The Commissioner of Corrections has broad discretion to enact policies to administer prisons, and in doing so has determined that pornography and legal documents belonging to other inmates are contraband items.  Minn. Dep’t of Corrections, Policy 301.030 (2007).  Maintaining internal security within correctional facilities is an essential goal of corrections that may require some limitation to prisoner’s rights.  Bell v.
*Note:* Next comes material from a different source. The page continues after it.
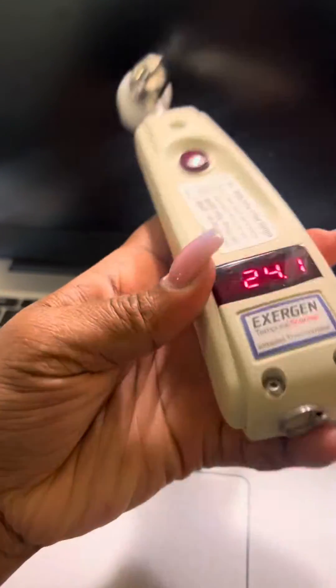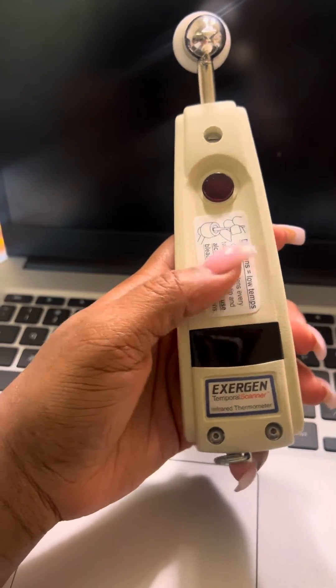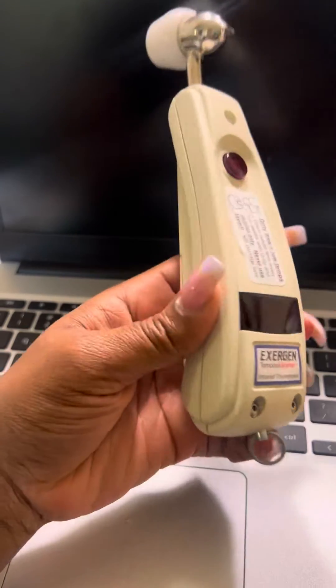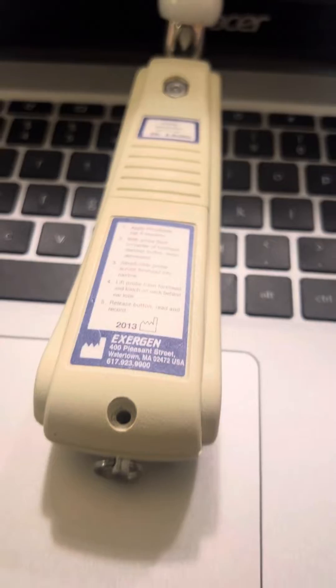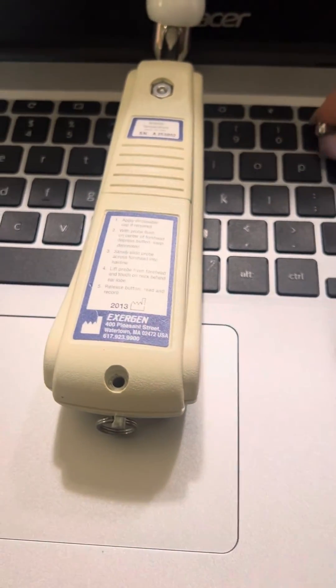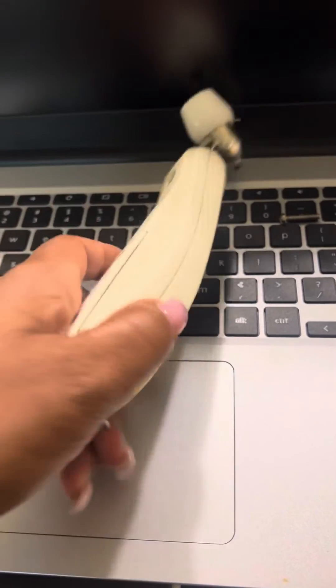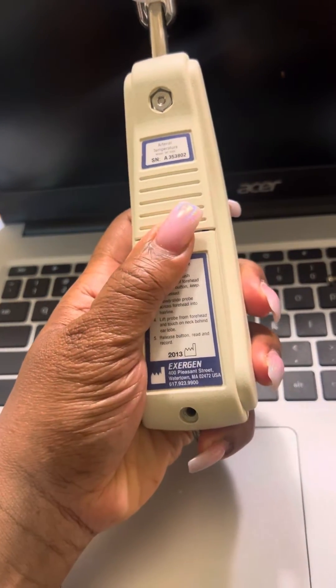It's reading in Celsius. So what you want to do, in order to switch to Fahrenheit, there is a screw that looks like this. You want to screw this out. I use a knife to take it out because it's like going to the garage and you pull it down.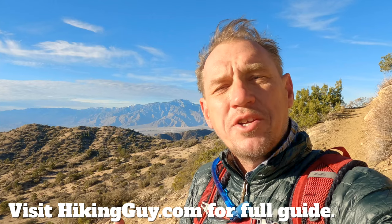I have a full hiking guide with all the logistical stuff — parking and everything you need — so make sure you check that out before you go. And if you're enjoying the video and find it helpful, click that thumbs up button. It's an easy way to say thank you and it helps me out a ton. Now let's hit the trail!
Wolfish, 441 U.S. 520, 546-47, 99 S. Ct. 1861, 1878 (1979).  We conclude that Henderson has failed to establish that the issues not addressed by the district court are the proper subject matter of a habeas corpus proceeding, and therefore the district court did not err by failing to consider them.

Finally, Henderson appears to challenge the district court’s dismissal of Michael J. Bailey’s motion to join.  Henderson asserts that this motion should be determined in his separate civil action.  But Bailey has not appealed the dismissal of his motion in this action and we conclude that the issue is not properly before us in this appeal.  Additionally, the record is devoid of any information about this motion that would permit adequate review.



MINGE, Judge (concurring specially)

            I agree that the remedy of habeas corpus is not appropriate in this proceeding and join in the decision of the court.  However, because that disposition does not require that we comment on matters related to one inmate’s offering legal assistance to another inmate, I do not join in the opinion.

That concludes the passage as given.